生産量も粗利も「お話にならない」と笑われた。それでも何とか「やってみよう」という工場を見つけると、今度は自分たちのイメージとはかけ離れたデザインの試作品が送られてくる。それは、中国でかつて幅を利かせていた「ぱち物のドラえもん」のようだった。目鼻のバランスがおかしくて、ドラえもんには見えない。それでも納期はどんどん迫ってくる。
「もうこの辺でいいんじゃない」
メンバーからは、諦めの声も漏れてくる。だが菊川は譲らなかった。
「こんな靴、カッコ悪くて履けないだろ。出資してくれたお客さんをがっかりさせてしまう」
試作品を送ってきた工場に断りを入れ、別の工場を探す。
「靴の先がこんなに丸くてはだめ。仕様書通りのアールで作ってください」
金井はカタコトの中国語を覚え、工場と直談判するようになった。3軒目の工場で、ようやく満足のいく靴が作れ、9月の発送にギリギリ間に合った。
彼らが学んだのは量産の難しさだ。サプライチェーンを持たない「ものづくりベンチャー」にとってはそれが最大の弱点。国内外で強固なサプライチェーンを持つ大企業と組めば、問題のかなりの部分は解決する。菊川の頭に浮かんだのは、故郷の高校で創業者の話を聞いたあの会社。アシックスだった。

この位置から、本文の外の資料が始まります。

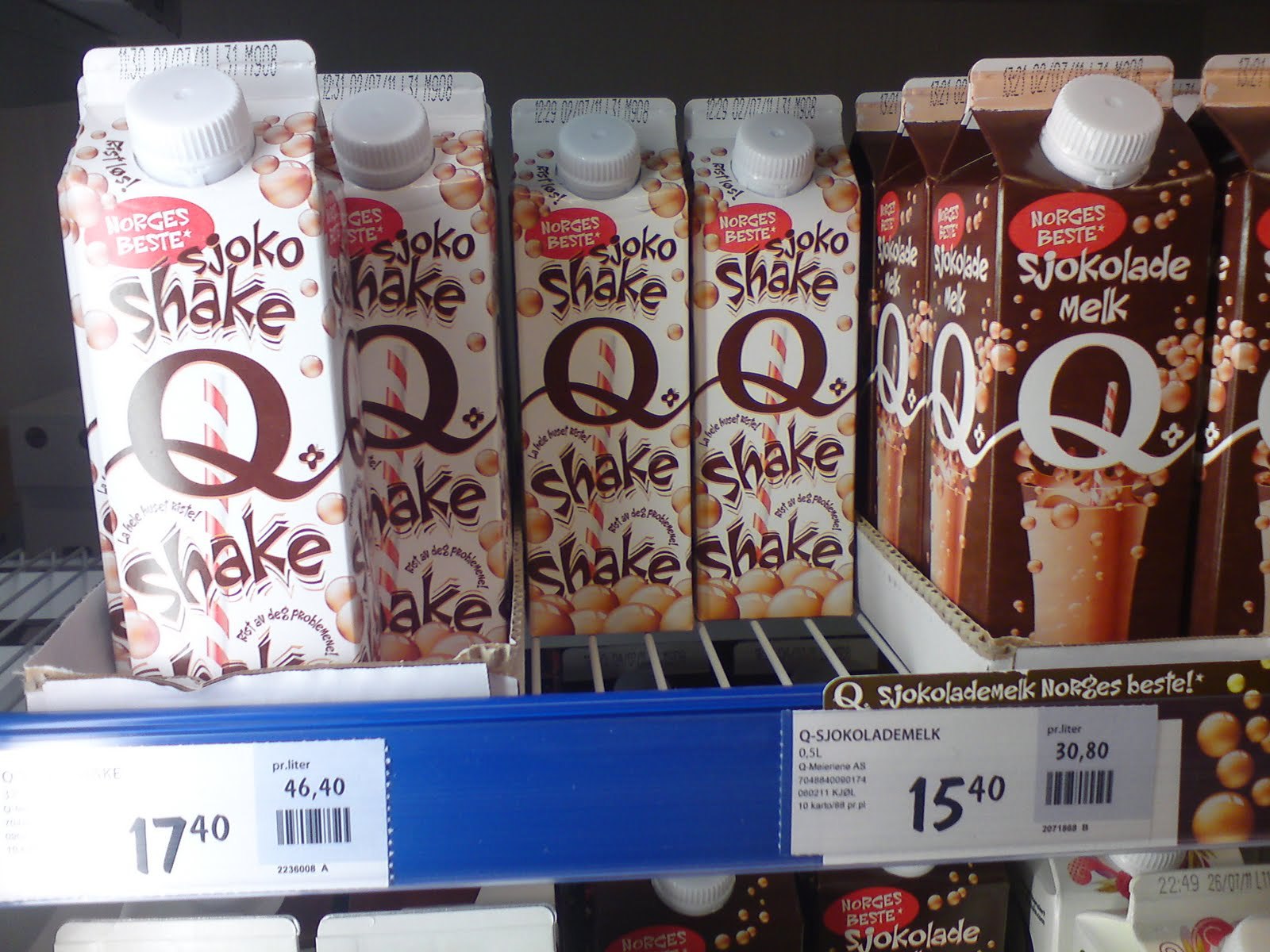 挪威REMA1000超市Q牌牛奶-REMA 1000挪威奥斯陆 挪威REMA1000超市Q牌牛奶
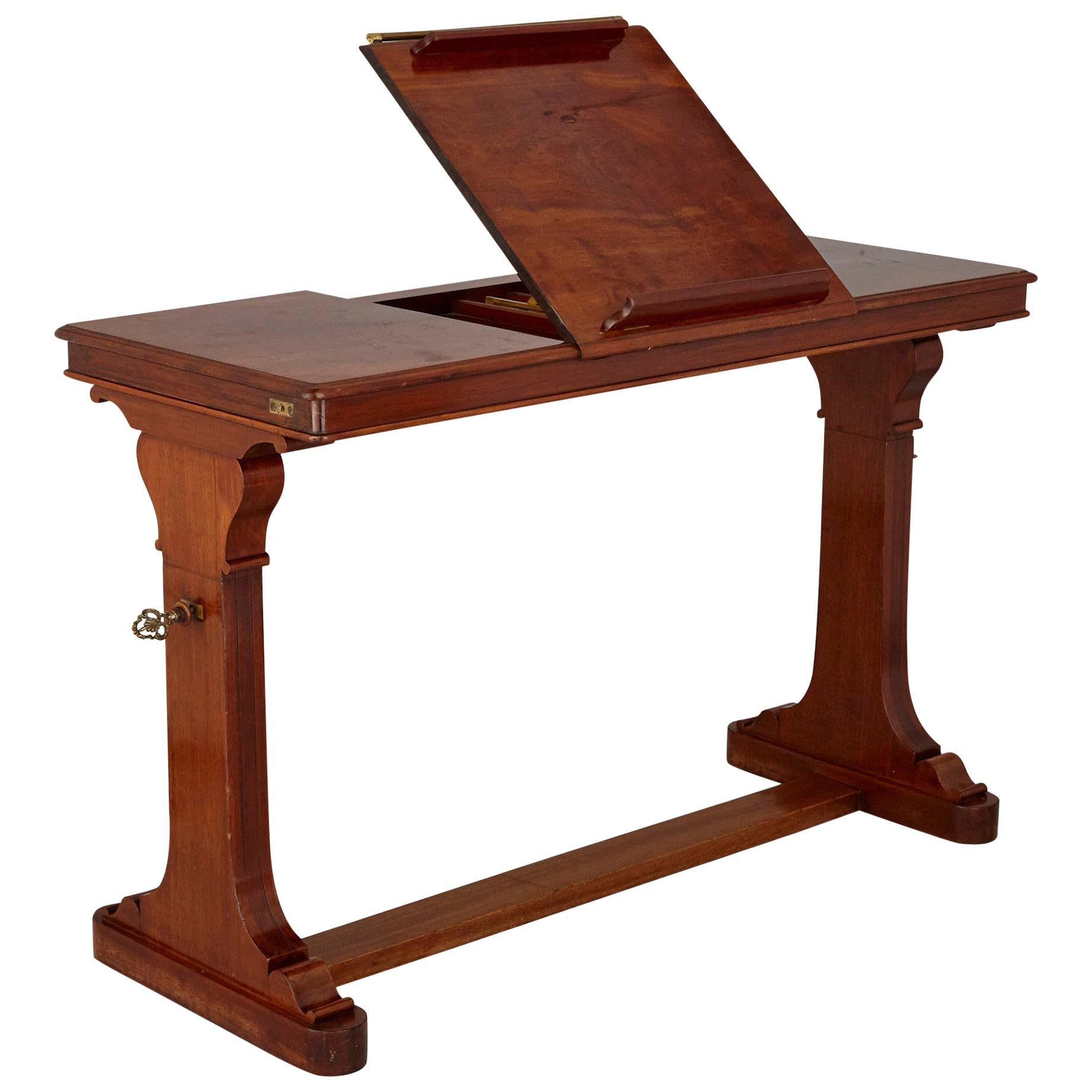 Bureau anglais ancien en bois avec support de lecture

菊川らのベンチャー「no new folk studio(nnf、ノー・ニュー・フォーク・スタジオ)」はアシックスが19年3月に始めたアクセラレーター・プログラムに応募した。アシックスが求めていたスポーツシューズの新しい可能性を秘めていた「オルフェ」は最優秀賞を受賞。廣田は1億円の出資を決断する。こうして生まれたスマートシューズ「エボライドオルフェ」はアシックスのサプライチェーンを発射台に、世界へと羽ばたこうとしている。
だが菊川にとってそこはまだゴールではない。
「靴にセンサーを入れるのが当たり前になれば、歩き方の膨大なデータが手に入る。それらのデータを研ぎ澄ませば、歩いている場所や歩き方から推測してスマホを取り出す前にタクシーを呼んだり、履いているだけで足のリハビリができたり、インソールが最適化されて足が速くなったりするプログラムを組むことができるかもしれない」
「起業の循環」が、若者たちの野望を無限に広げていく。